Chapter 10 describes eval, which lets you create Tcl programs on the fly. There are tricks with using eval correctly, and a few rules of thumb to make your life easier.
Chapter 11 describes regular expressions. This is the most powerful string processing facility in Tcl. This chapter includes a cookbook of useful regular expressions.
Chapter 12 describes the library and package facility used to organize your code into reusable modules.
Chapter 13 describes introspection and debugging. Introspection provides information about the state of the Tcl interpreter.
Chapter 14 describes namespaces that partition the global scope for variables and procedures.
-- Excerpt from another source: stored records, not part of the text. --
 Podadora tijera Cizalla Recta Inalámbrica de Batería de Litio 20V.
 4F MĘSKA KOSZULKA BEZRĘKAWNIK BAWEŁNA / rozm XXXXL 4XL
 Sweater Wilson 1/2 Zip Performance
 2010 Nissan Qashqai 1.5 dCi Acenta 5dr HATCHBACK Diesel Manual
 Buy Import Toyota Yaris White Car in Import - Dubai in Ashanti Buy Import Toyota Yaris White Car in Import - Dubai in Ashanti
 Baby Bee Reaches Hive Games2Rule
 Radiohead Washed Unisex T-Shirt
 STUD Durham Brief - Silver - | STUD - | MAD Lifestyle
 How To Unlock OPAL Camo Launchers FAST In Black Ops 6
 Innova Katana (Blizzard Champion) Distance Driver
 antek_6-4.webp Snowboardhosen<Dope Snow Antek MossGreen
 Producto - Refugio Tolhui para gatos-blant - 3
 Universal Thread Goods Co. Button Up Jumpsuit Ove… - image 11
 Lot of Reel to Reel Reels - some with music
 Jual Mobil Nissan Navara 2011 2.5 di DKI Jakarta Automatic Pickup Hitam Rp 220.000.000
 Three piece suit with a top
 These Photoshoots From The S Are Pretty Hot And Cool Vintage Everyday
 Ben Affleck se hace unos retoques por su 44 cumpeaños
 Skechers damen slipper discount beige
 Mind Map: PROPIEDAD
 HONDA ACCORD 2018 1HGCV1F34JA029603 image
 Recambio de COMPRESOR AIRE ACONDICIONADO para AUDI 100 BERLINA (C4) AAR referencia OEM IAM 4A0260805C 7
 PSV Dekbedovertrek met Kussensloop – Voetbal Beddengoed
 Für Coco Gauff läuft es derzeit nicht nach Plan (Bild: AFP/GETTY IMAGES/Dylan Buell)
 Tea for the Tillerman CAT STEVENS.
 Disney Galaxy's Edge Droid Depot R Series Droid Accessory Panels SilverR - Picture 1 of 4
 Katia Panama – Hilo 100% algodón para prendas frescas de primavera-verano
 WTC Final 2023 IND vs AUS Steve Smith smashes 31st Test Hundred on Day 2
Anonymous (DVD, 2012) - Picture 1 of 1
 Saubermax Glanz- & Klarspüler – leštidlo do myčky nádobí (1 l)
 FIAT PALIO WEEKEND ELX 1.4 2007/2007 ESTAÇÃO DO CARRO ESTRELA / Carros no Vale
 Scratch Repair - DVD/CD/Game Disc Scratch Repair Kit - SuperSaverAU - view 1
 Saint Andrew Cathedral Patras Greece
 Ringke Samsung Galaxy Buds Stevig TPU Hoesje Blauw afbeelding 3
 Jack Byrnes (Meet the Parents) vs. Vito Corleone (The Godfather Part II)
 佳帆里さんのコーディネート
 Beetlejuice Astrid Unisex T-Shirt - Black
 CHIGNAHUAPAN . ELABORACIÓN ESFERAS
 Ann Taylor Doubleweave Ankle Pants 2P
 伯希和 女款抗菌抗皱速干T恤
Namespaces help you structure large Tcl applications.
Chapter 15 describes the features that support Internationalization, including Unicode, other character set encodings, and message catalogs.
Chapter 16 describes event-driven I/O programming. This lets you run process pipelines in the background. It is also very useful with network socket programming, which is the topic of Chapter 17.
Chapter 18 describes TclHttpd, a Web server built entirely in Tcl. You can build applications on top of TclHttpd, or integrate the server into existing applications to give them a web interface. TclHttpd also supports regular Web sites.
Chapter 19 describes Safe-Tcl and using multiple Tcl interpreters. You can create multiple Tcl interpreters for your application. If an interpreter is safe, then you can grant it restricted functionality. This is ideal for supporting network applets that are downloaded from untrusted sites.